INPUT DATA below:
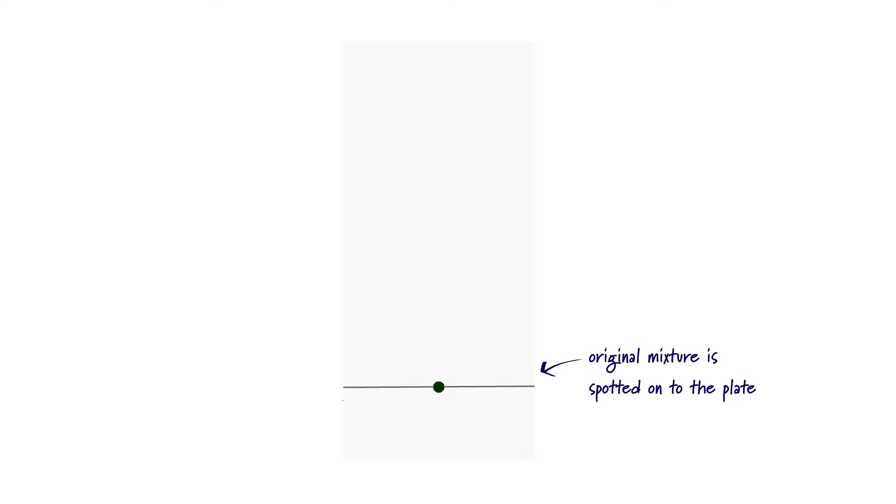Step two is to take our mixture to be separated and spot it onto the middle of the pencil line. We build up a small but concentrated spot.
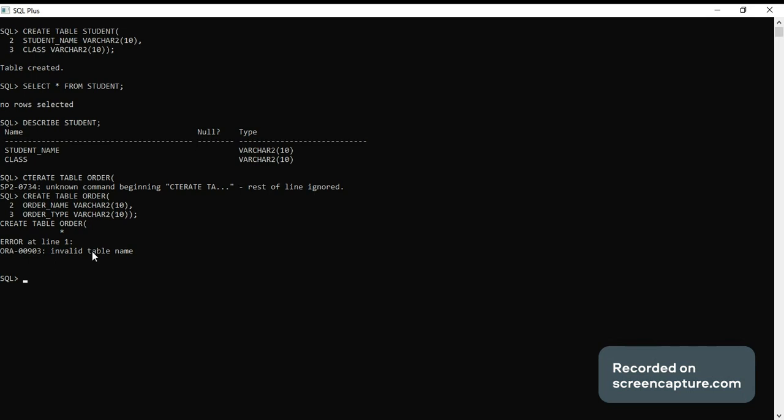Hi friends, today we will learn how to create a table. Let me create a sample table, table name...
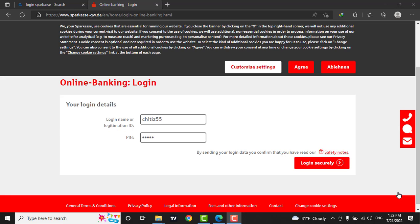After you fill in the details, now you can click on the login securely button.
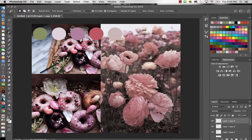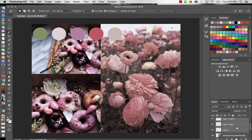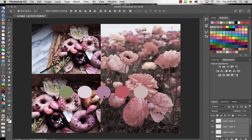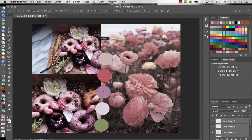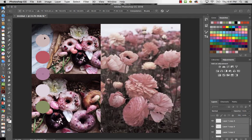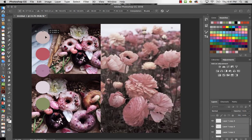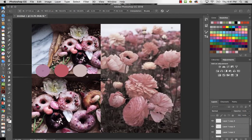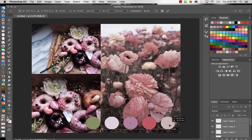Once all circles are in place, I'll click the bottom layer, hold Shift, and click the top layer to select all the color circle layers at once. With all layers selected I can move them as a group. I'll use Command T to rotate them, and if I hold Shift while rotating the computer will straighten them up automatically.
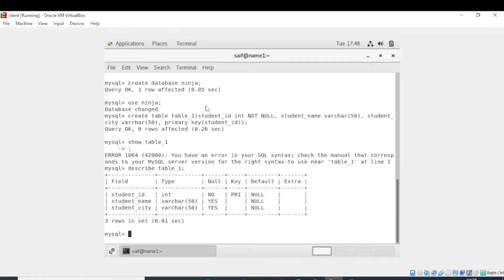Now you can see the table. It's created with three fields: student_id, student_name, and student_city.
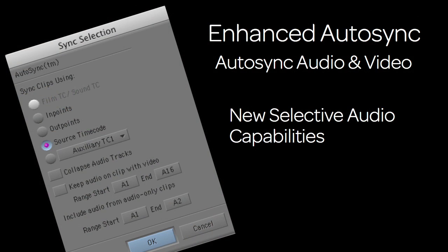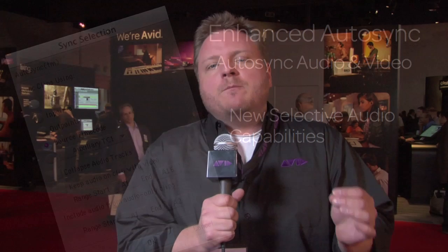Auto Sync — we've had it for some time. It allows you to synchronize audio and video sources recorded separately using in-points, out-points, or source timecode. What's been introduced in 5.0 is the ability to be selective about which audio tracks you want to keep. So if you're shooting video with a scratch track and also recording on a broadcast wave recorder, when you do the Auto Sync, you can specify any number of audio tracks from the video source and any number from the audio source, and it'll automatically collapse those together, giving you just the audio tracks you want with your video.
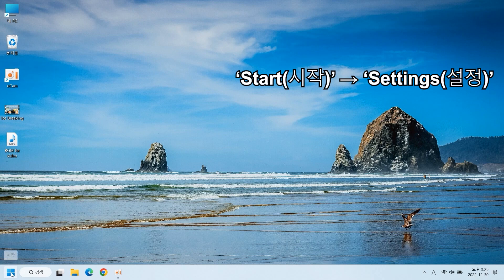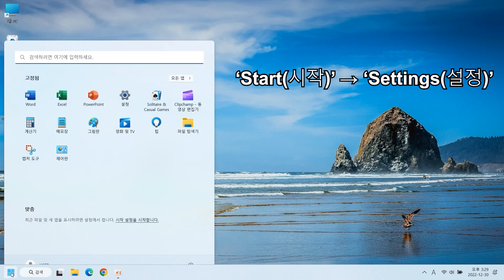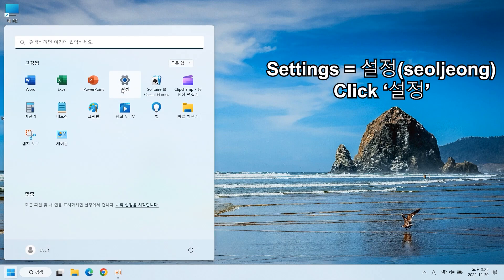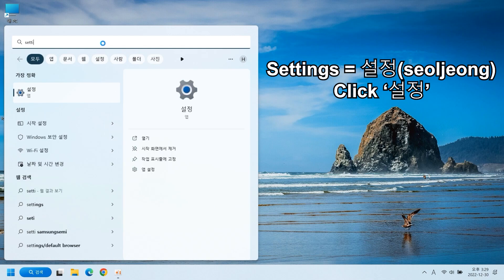Go to the Start button and click Settings. Settings in Korean is 설정. Or you can search for 설정.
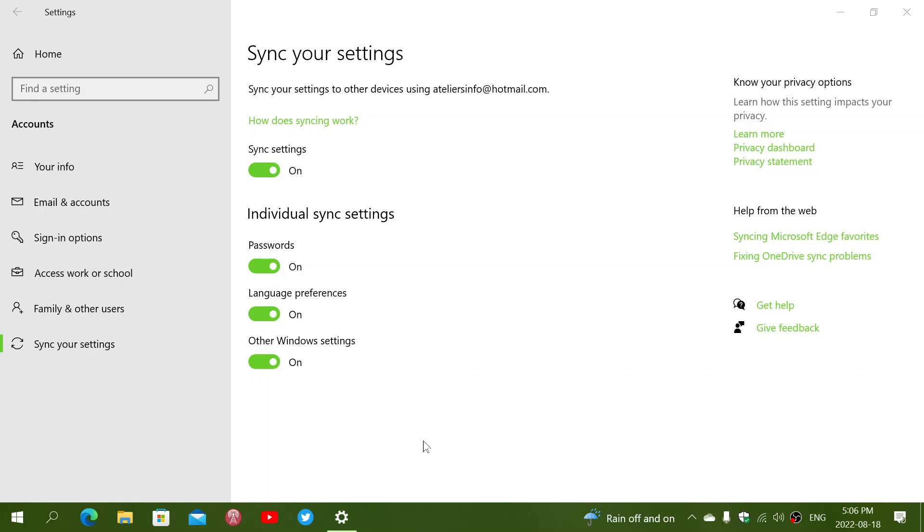once you log in to your Microsoft account, your settings will come back on your machine the way they were on either your previous Windows install or your previous machine that you had before. So it could also be useful for users of only one computer.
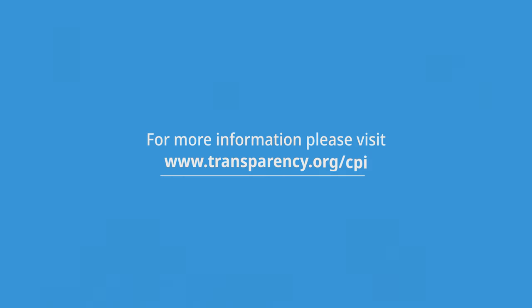For more information, please visit www.transparency.org/cpi.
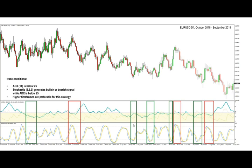Here on this daily chart of EURUSD we have marked all the cases when the strategy generated either a bullish signal with a green rectangle or a bearish signal with a red rectangle. For example, here a bullish signal was generated while the bearish signal came around these candles. In this case we have a bullish signal and a successful bearish signal at this point. Another two bullish signals occurred which were successful, and here we have a bearish signal, right along this vertical line, which was also successful.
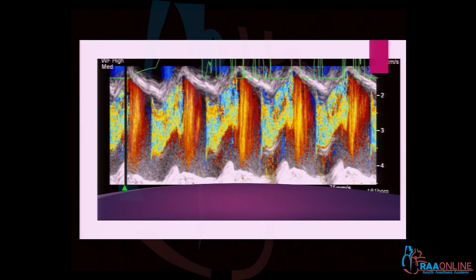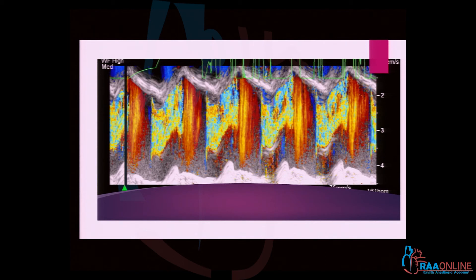The first thing is if you have an eccentric jet — the whole width of the jet may not be captured. Second is if the jets are not mapped, you may be capturing only one jet.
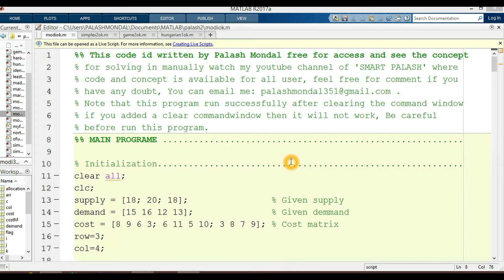Hi guys, very good morning to everybody. In this section I will discuss the coding part of MATLAB in detail. See my previous video uploaded in my channel for an overview of the MODI method. Here I only discuss the methods and the coding for solving the MODI method in MATLAB environments.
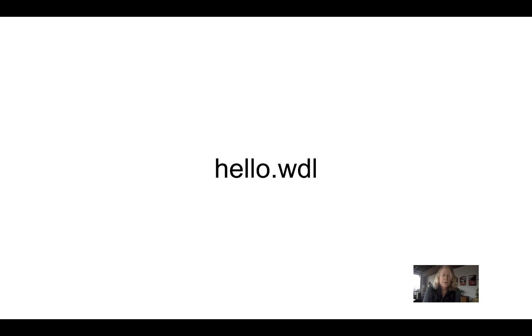So the first exercise will be Hello WDL. And I'll go ahead to the next screencast and we'll verify the environment and then we'll get into Hello WDL.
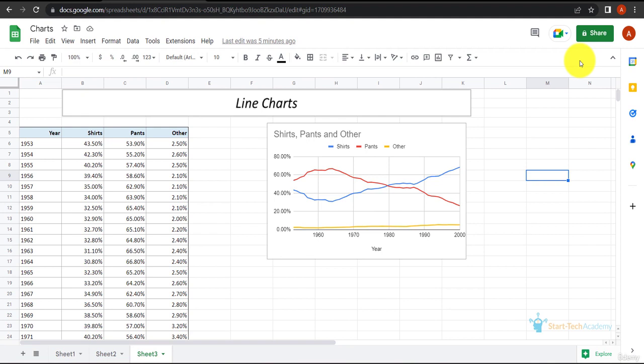Now let's talk about line charts. Line charts are often used to plot continuous data and are very useful for identifying trends in the data.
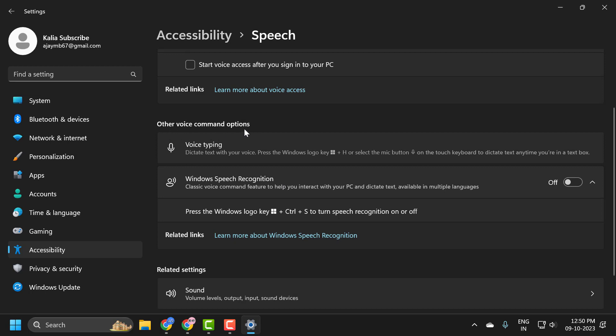Under voice command options, you'll find Windows Speech Recognition, a classic voice command feature to help you interact with your PC and dictate text, available in multiple languages.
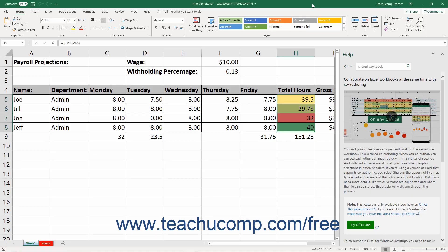Excel provides two different methods for sharing workbooks. One way is to use the co-authoring features in Excel as part of an Office 365 subscription. To use co-authoring, you must also save the shared workbook to an online site like OneDrive, OneDrive for Business, or SharePoint Online. Co-authoring allows you to work on shared Excel workbooks at the same time as other users.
End of INPUT DATA.
> _WHAT TO WORK ON_
Precisely those lines above that run from the line with "After you fill" up to and including the line with "Now you can see" are to be set down, with the pictures omitted.

> _SOLUTION TO THIS EXERCISE_
After you fill in the details, now you can click on the login securely button.
Once all circles are in place, I'll click the bottom layer, hold Shift, and click the top layer to select all the color circle layers at once. With all layers selected I can move them as a group. I'll use Command T to rotate them, and if I hold Shift while rotating the computer will straighten them up automatically.
Now you can see the table. It's created with three fields: student_id, student_name, and student_city.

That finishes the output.